EXERCISE DIRECTIONS – Every line below should come back exactly as written, though the pictures stay out.

COLLECTED MATERIAL –
_ _ _ _ _

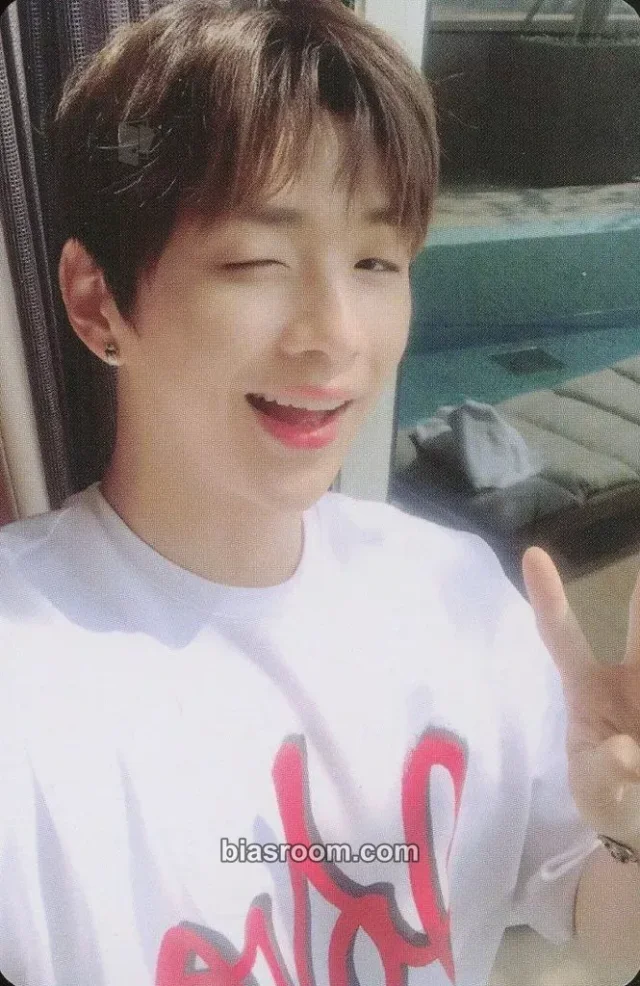 Wanna One - Daniel - Summer Package Other photocard set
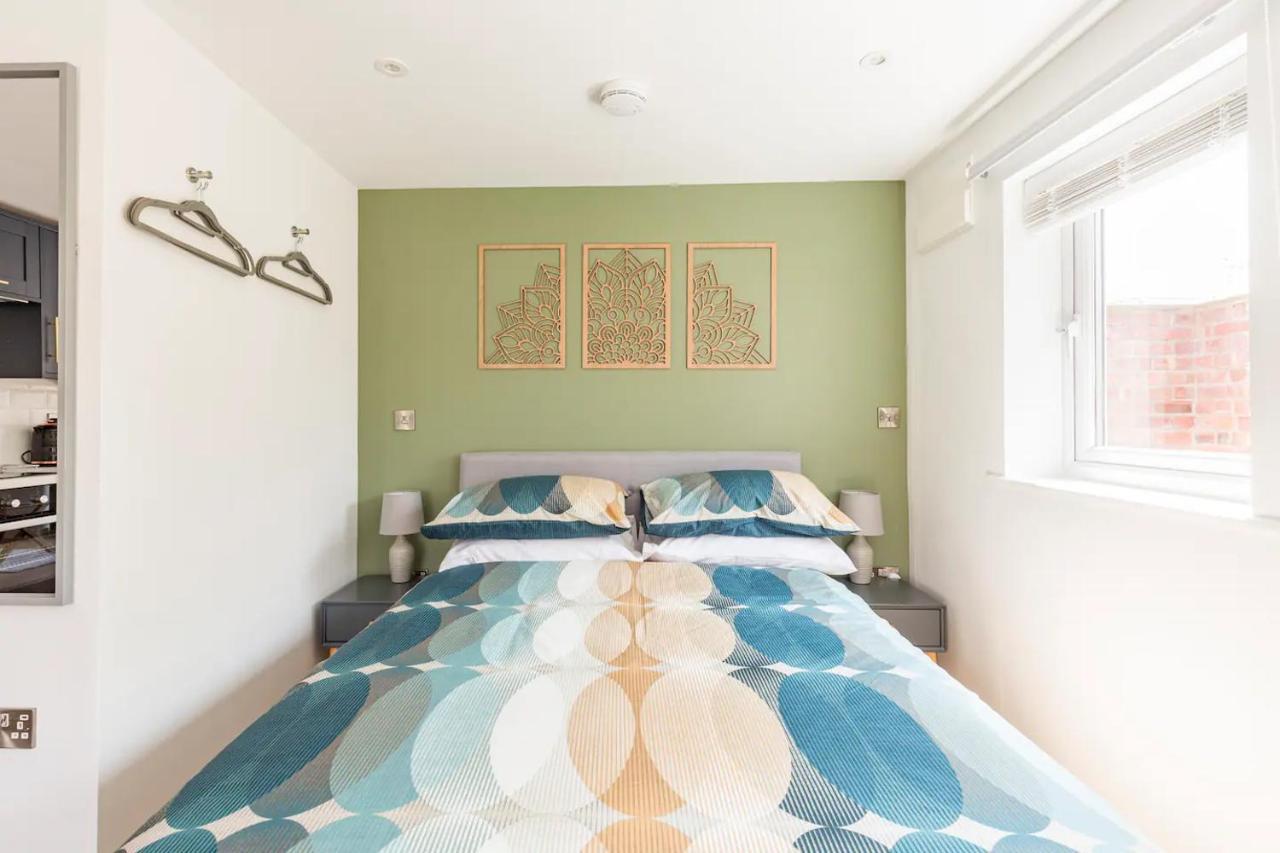 Charming Chester Studio With Private Garden & Free Parking Exterior foto
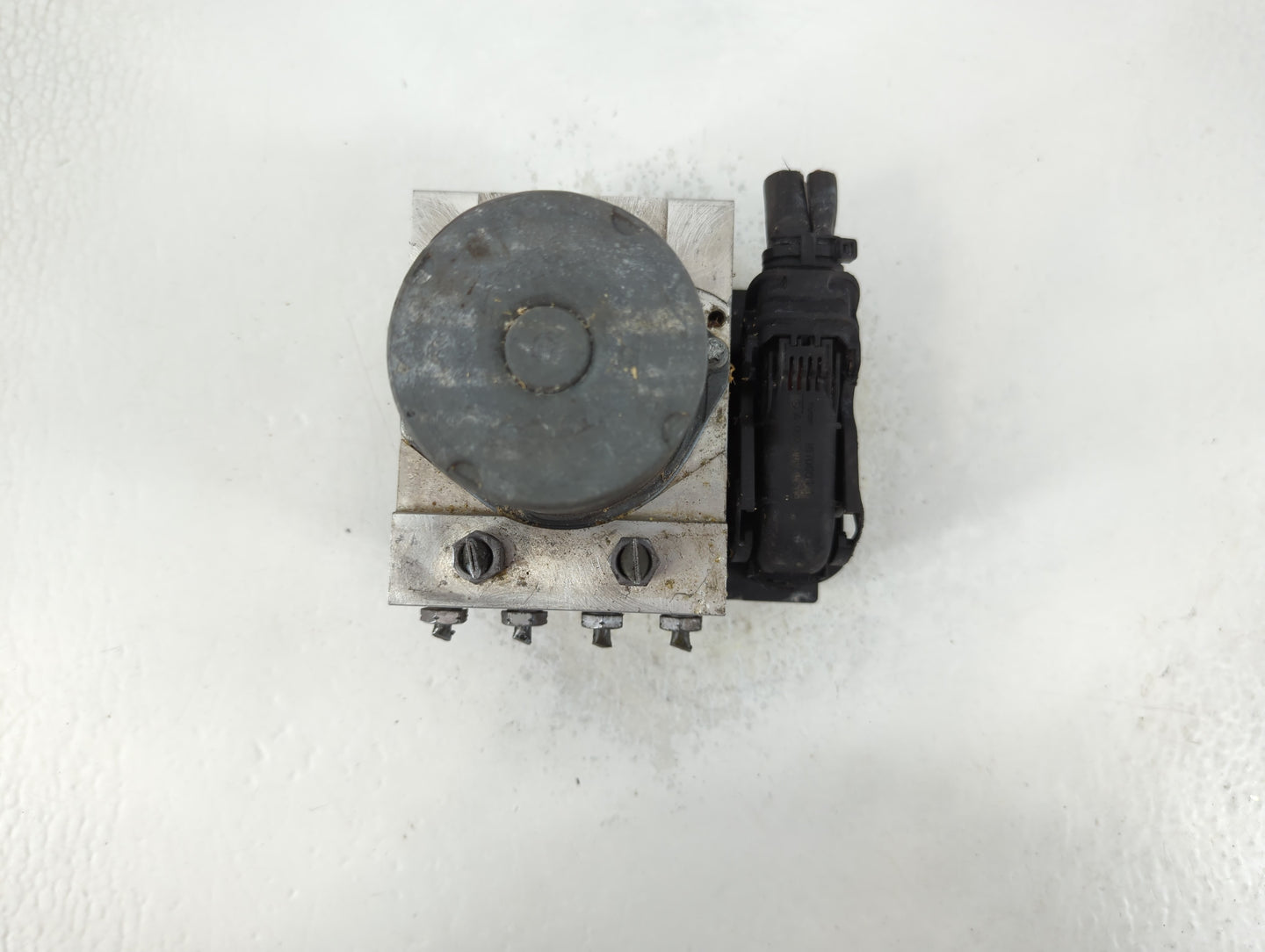 2010 Mercedes-Benz E350 ABS Pump Control Module Replacement P/N:0 265 236 310 Fits OEM Used Auto Parts - Oemusedautoparts1.c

_ _ _ _ _

RESPONSE TO THE TASK –
 Wanna One - Daniel - Summer Package Other photocard set
 Charming Chester Studio With Private Garden & Free Parking Exterior foto
 2010 Mercedes-Benz E350 ABS Pump Control Module Replacement P/N:0 265 236 310 Fits OEM Used Auto Parts - Oemusedautoparts1.c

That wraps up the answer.